In response to the slowing economy and the lower prices, mining companies, like Freeport and BHP Billiton PLC (NYSE: BHP) have looked to boosting their investment in the one commodity that seems invariably to offer profits: oil. The other thing to remember about mining companies is that scale matters a lot, and no matter how big the firm might be, even bigger is always thought to be better. In 2008, BHP tried to acquire Rio Tinto PLC (NYSE: RIO) for $147 billion. When that failed, BHP tried to nab Potash Corp. of Saskatchewan (NYSE: POT) for $39 billion. One of the big deals was finally approved last month when Xstrata shareholders agreed to a $31 billion buyout by Glencore International.

Trying to predict which of the mining firms will try to swallow another is a fool’s game. But if China is serious about its plan to grow gross domestic product by focusing on urbanization (more construction) and domestic spending rather than exports, demand for copper, iron ore and aluminum likely will grow.
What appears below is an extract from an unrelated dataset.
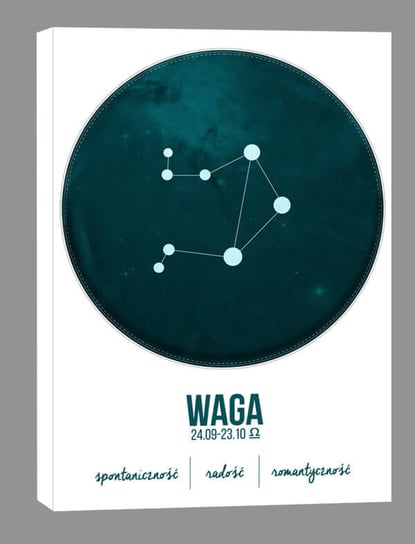 Znak zodiaku, Waga - obraz na płótnie 30x40 cm Inny producent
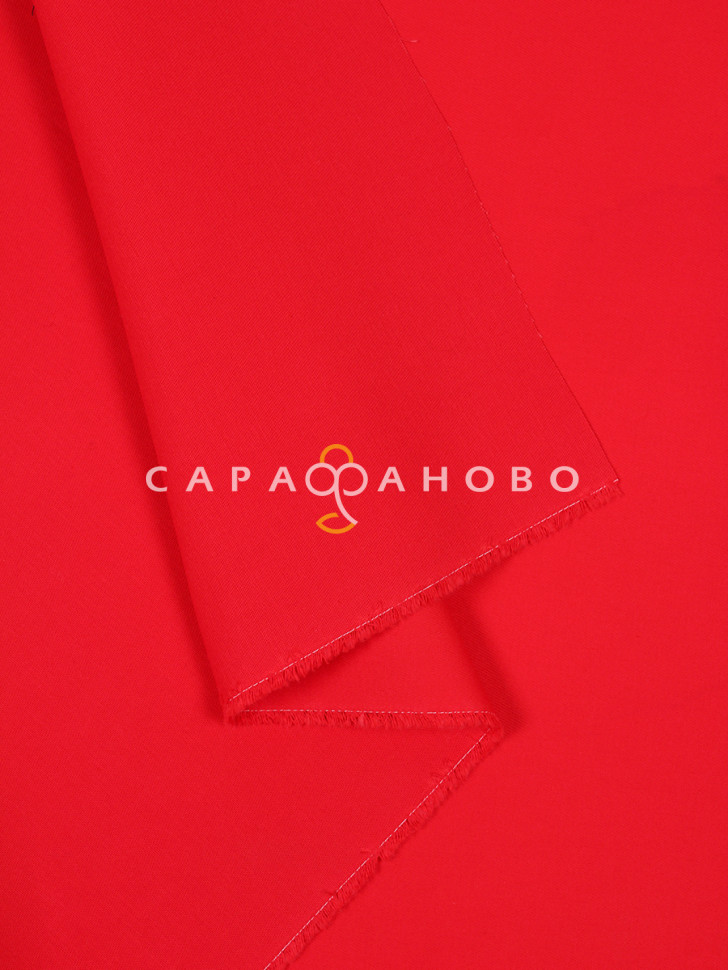 Саржа гладкокрашеная 150 см, 032 Красный 240 +/- 13 г/м2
Add to that the fact that China’s inventories of iron ore are quite low, and demand for the critical ingredient in steel making could rise sharply from near its three-year low. Rising costs could crimp asset prices and lead to more buyouts and takeovers as global growth continues to be sluggish.

One company that does not think growth is on the table for steel in 2013 is ArcelorMittal (NYSE: MT), the world’s largest steel maker. The company has idled 11 of 25 European furnaces and would have closed two permanently if the French government had not resisted. The company’s goal for 2013 is not revenue growth, according to founder and CEO Lakshmi Mittal, but “a company that is strong and adapted to economic realities.”

BHP, Rio Tinto and Brazil’s Vale S.A. (NYSE: VALE), all major producers of iron ore, are getting some help from improved demand from China, but none expects a sharp and lasting rise in prices. Fitch Ratings said last month that it expects mining costs to continue rising while prices remain stagnant. Nowhere is the damage more noticeable than among aluminum producers.

Early in 2012, Rio wrote down $9 billion in aluminum assets, BHP cancelled plans to build a new aluminum smelter in Congo and Alcoa Inc. (NYSE: AA), Norsk Hydro and BHP announced production cutbacks totalling 1.3 million metric tons in 2012. The situation is little improved since then.

Alcoa, though not a likely acquisition target, could be broken up. A report from Bloomberg in October suggested the company may be worth as much as 63% more if broken into bits and sold. Moody’s this morning put the company’s debt on review for a possible downgrade to junk. That says pretty much all there is to say about the aluminum business.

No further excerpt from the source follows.